Mısır’ı yangın yerine döndüren, çocuk, kadın, yaşlı demeden insanı
hedef alan vahşet uygulamalarını rutinleştiren Sisi darbesi, sadece
Mısır’ı ve Mısırlı kardeşlerimizi değil, bütün İslam coğrafyasını
ve Müslüman toplumları cezalandırmanın yeni miladı olarak
kurgulandırdığını ifade eden Vurar, şunları söyledi: “Bu yönüyle,
Mısır’da gerçekleşen darbe, İslami hassasiyeti yüksek siyasi
iktidarların ve aktörlerin yok edilmesi, örgütlü İslami yapıların
zayıflatılması, itibarsızlaştırılması, kriminalize edilmesi ve bu
sayede söz dinleyen kukla yönetimlerin önünün açılması kapsamlı
uluslararası bir projenin Ortadoğu ve Arap Yarımadasına yönelik
parçasıdır. Gerçekleştirdiği katliamlarla insanlığa dair yeni utanç
vesikalarının altına imza atan Suriye canisi katil Esed’in hala
muktedir olması da bu senaryonun bir parçasıdır. Senaryolarını
sahneye koyarken, Müslüman kanını vazgeçilmez dekor olarak kullanan
bu kirli uluslararası şebekeyi durdurma ve İslam coğrafyası
üzerinden söküp atmak için beklemek, zulme sessiz kalmaktır.
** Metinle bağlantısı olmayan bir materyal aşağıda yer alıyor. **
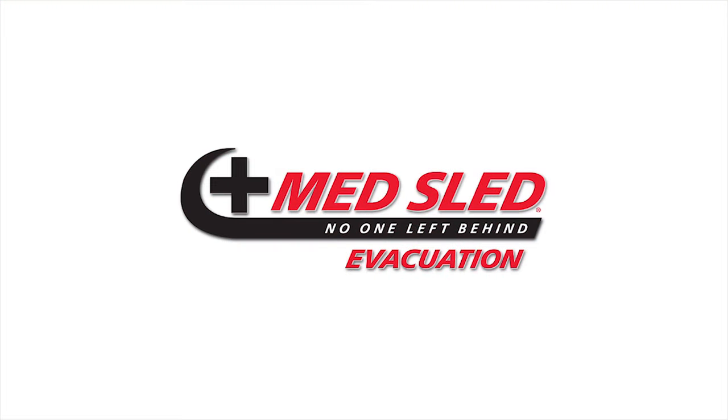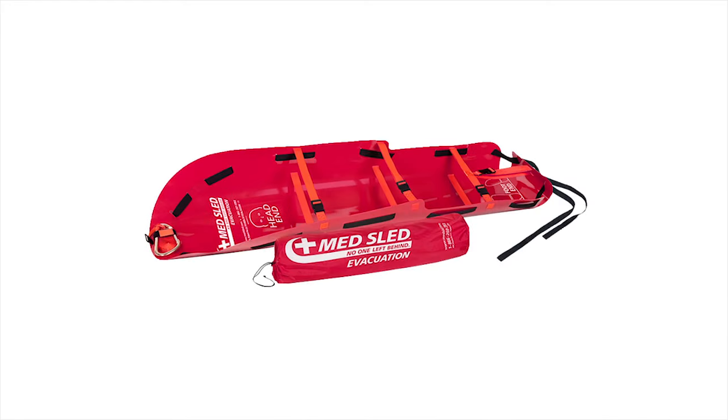Thank you for choosing the MedSled Evacuation Sleds as your preferred emergency evacuation device. When timing is critical, the MedSled Evacuation Sled enables your staff to safely transport a person two to three times their weight over debris, out of a single story or down stairwells of a multi-floor building, without ever lifting the patient.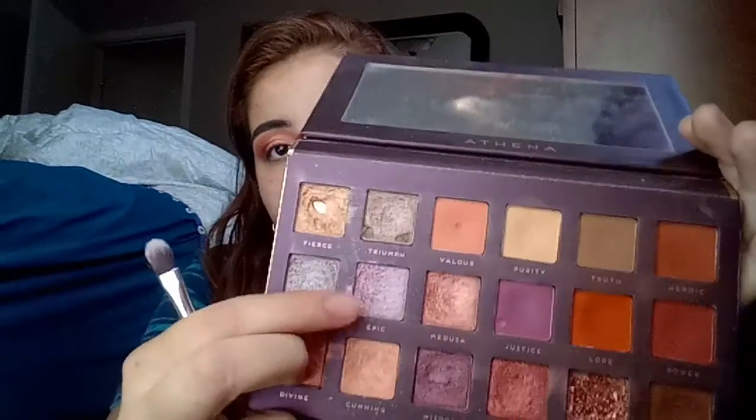Now we have the crease cut. With the brush we started out with — the orange one — I'm just going to blend out the edges a little bit. Then this flat packer brush: I'm going to dip into 'Epic,' which is like a dual-chrome bluey-purple-pink color, it's really pretty.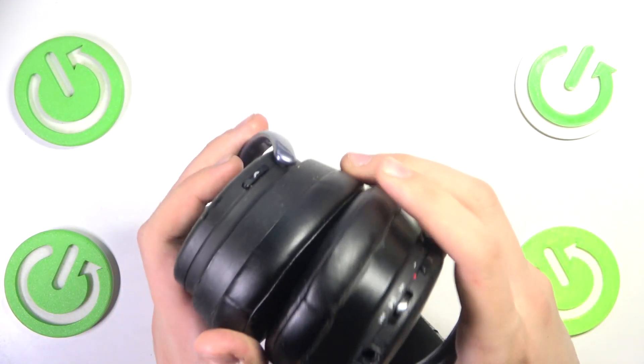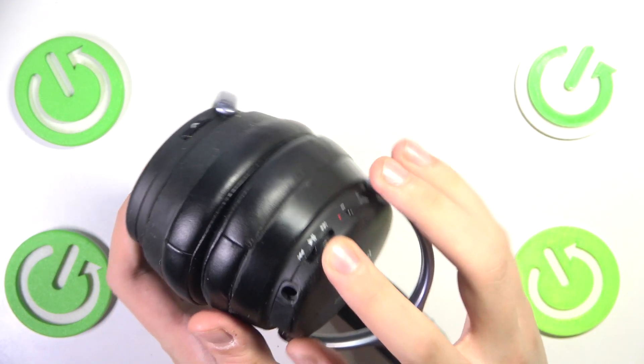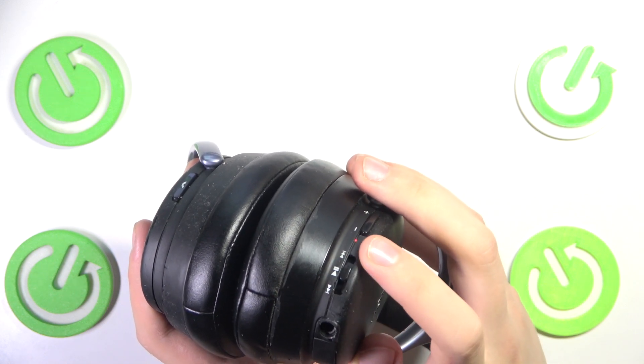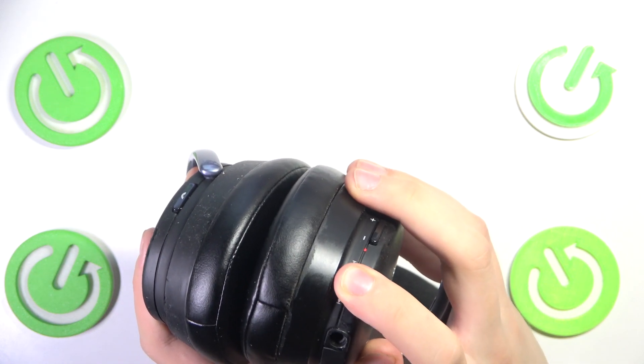First, we have to bring them like that, and as you can see there is a button over here. You have to push this down until the LED indicator goes off.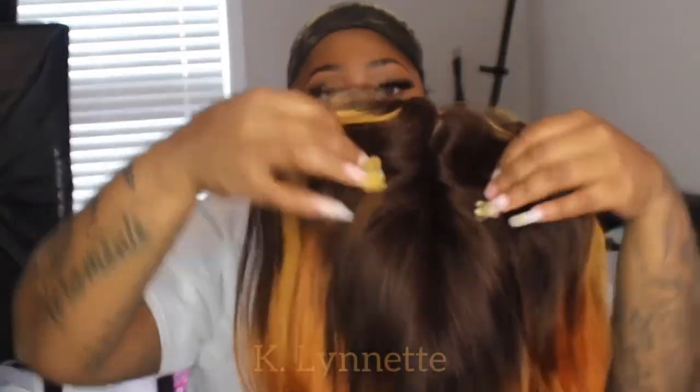Don't judge y'all, because I really did wear this. So if you are a beginner, this wig will definitely be for you. If you don't want to pluck, create a part, or deal with a frontal or even a closure, this wig is for you. I did like the fact that I could just put this wig on without having to secure it down, because it fits snugly on my head.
Haksızlıklara, vahşete çocukların ve kadınların katline, özgürlük
isteyenlere, demokrasi diyenlere, İslami hassasiyeti bulunanlara
ölüm hediye edilmesine karşı sesiz ve duyarsız kalmak, dilsiz
şeytanlığı kabul etmektir. Yapılanlara ve yaşananlara suç ortağı
olmaktır. Darbeye, duruma göre açık ya da örtülü destek veren ABD,
AB, BM darbenin, darbeciler eliyle gerçekleşen insanlık ayıplarının
suç ortağıdır."
Yapılan basın açıklamasından sonra dualar edildi.